Ph. Gisèle Freund, 1939
Source
LES CAVES DU VATICAN
Publiée en 1914, la sotie* des Caves du Vatican doit une part importante de son succès au personnage de Lafcadio, qui cherche dans l’acte gratuit une libération à/de lui-même.
Véritable « divertissement » satirique, la sotie des Caves du Vatican est l’occasion pour André Gide de construire une réflexion sur les conséquences possibles de certains idéaux, idées fixes, préjugés, croyances ou théories sur la vie de tous les jours. Et d’expérimenter un style qui allie sècheresse et humour. Tout en respectant la rigueur classique.
LA THÉORIE DE L’ACTE GRATUIT
L’EXTRAIT choisi ci-après est tiré de l’acte trois du récit. Cet acte, intitulé « Amédée Fleurissoire », porte le nom de l’anti-héros qui en est le centre. Venu à Rome pour voler au secours du pape Léon XIII, victime d’une abominable escroquerie (fait divers qui remonte à 1895), Amédée Fleurissoire, brave croisé ingénu, est tombé dans les rets de Protos. Principal agent de la conspiration papale. Et ami de Lafcadio.
Amédée Fleurissoire, jugé importun par les « mille pattes », trouve la mort non pas au cours de représailles prévues contre lui, mais victime d’un « crime immotivé ». Lafcadio voulant expérimenter, sur un homme qu’il n’a jamais vu, sa théorie de l’« acte gratuit », pousse le malheureux Fleurissoire par la portière d’un train. C’est pourtant Protos qui ira en prison pour expier le crime perpétré par Lafcadio.

CAVE EST UN MOT LATIN QUI VEUT DIRE AUSSI PRENDS GARDE
― Mais enfin, Monsieur, qui vous a prié de vous mêler de cette affaire ? De qui suivez-vous les instructions ?
― Pardonnez- moi, Monsieur l’abbé, dit confusément Fleurissoire, je n’ai reçu d’instructions de personne : je suis une pauvre âme pleine d’angoisse et qui cherche de son côté.
Ces humbles paroles semblèrent désarmer le curé ; il tendit la main à Fleurissoire :
― Je vous ai parlé durement…mais c’est que de tels dangers nous entourent ! Puis, après une courte hésitation : tenez ! Voulez-vous m’accompagner demain ? Nous irons voir ensemble mon ami… […]
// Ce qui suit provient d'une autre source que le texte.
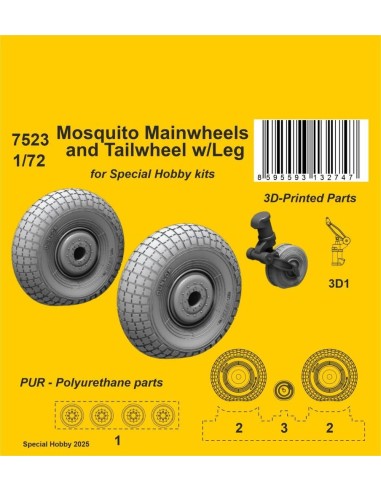 Mosquito Mainwheels and Tailwheel w/Leg for Special Hobby kits 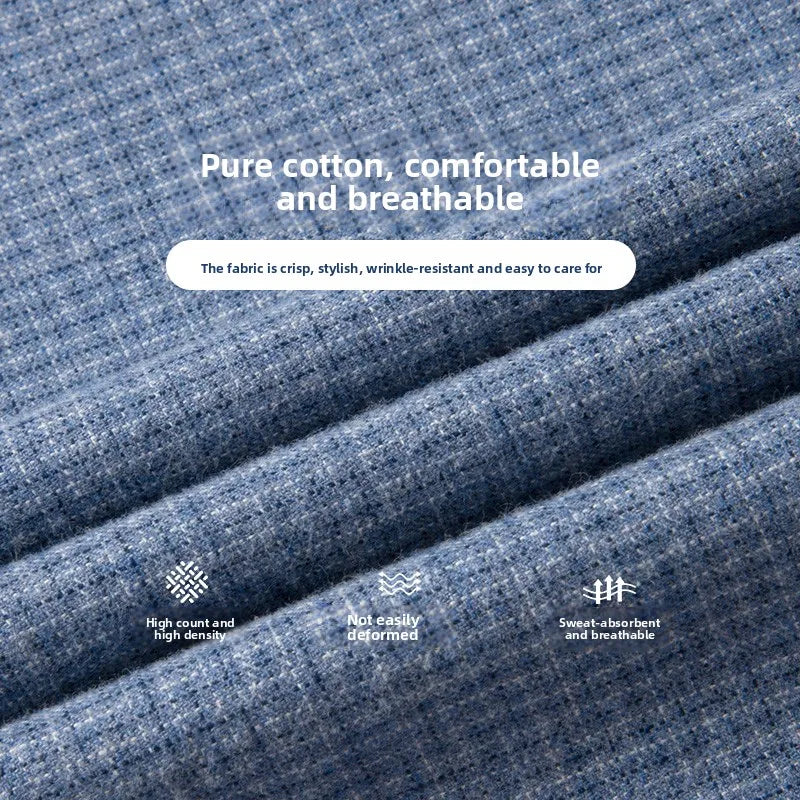 Camisa de algodón a cuadros resistente a las arrugas para hombre
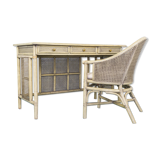 Vienna straw bamboo chair desk set modern vintage 80s design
Ils s’assirent. Protos sortit un carnet de sa poche et sur une feuille vierge commença, sous les yeux hagards d’Amédée :
Ma vieille…
Puis, amusé de la stupeur de l’autre, il sourit, très calme :
― Alors, c’est au cardinal que vous auriez écrit, si on vous avait laissé faire ?
Et sur un ton plus amical il voulut bien renseigner Amédée : une fois par semaine le cardinal San-Felice quittait l’archevêché clandestinement, en costume de simple abbé, devenait le chapelain Bardolotti, se rendait sur les pentes du Vomero et, dans une modeste villa, recevait quelques rares intimes et les lettres secrètes que les initiés lui adressaient sous ce faux nom. Mais même sous ce déguisement vulgaire il ne se sentait pas à l’abri : il n’était pas bien sûr que les lettres qui lui parvenaient par la poste ne fussent ouvertes, et suppliait que, dans la lettre, rien de significatif ne fût dit, que, dans le ton de la lettre, rien ne laissât pressentir son éminence, ne respirât si peu que ce soit, le respect.
À présent qu’il était de mèche, Amédée souriait à son tour.
― Ma vieille… Voyons ; qu’est-ce qu’on va lui dire à cette chère vieille ? Plaisantait l’abbé, hésitant du bout du crayon :
― Ah ! Je t’emmène un vieux rigolo. (Si ! si ! laissez : je sais le ton qu’il y faut ! Sors une bouteille ou deux de falerne, que demain nous viendrons siffler avec toi. On rira.
― Tenez ; signez aussi.
― Je ferais peut-être mieux de ne pas mettre mon vrai nom.
― Vous, cela n’a pas d’importance, reprit Protos qui, à côté du nom d’Amédée Fleurissoire, écrivit : Cave.
― Oh ! Très habile !
― Quoi ? Cela vous étonne que je signe de ce nom là : Cave ?
― Vous n’avez que celle du Vatican dans la tête. Apprenez ceci, mon bon Monsieur Fleurissoire : Cave est un mot latin qui veut dire aussi : PRENDS GARDE !
André Gide, Les Caves du Vatican [1914], Éditions Rombaldi, 1970, pp. 166-167.
* Sotie : inspirée de la fête des sots, la sotie est un genre dramatique médiéval. Gide en fait un récit désinvolte, à portée ironique et critique.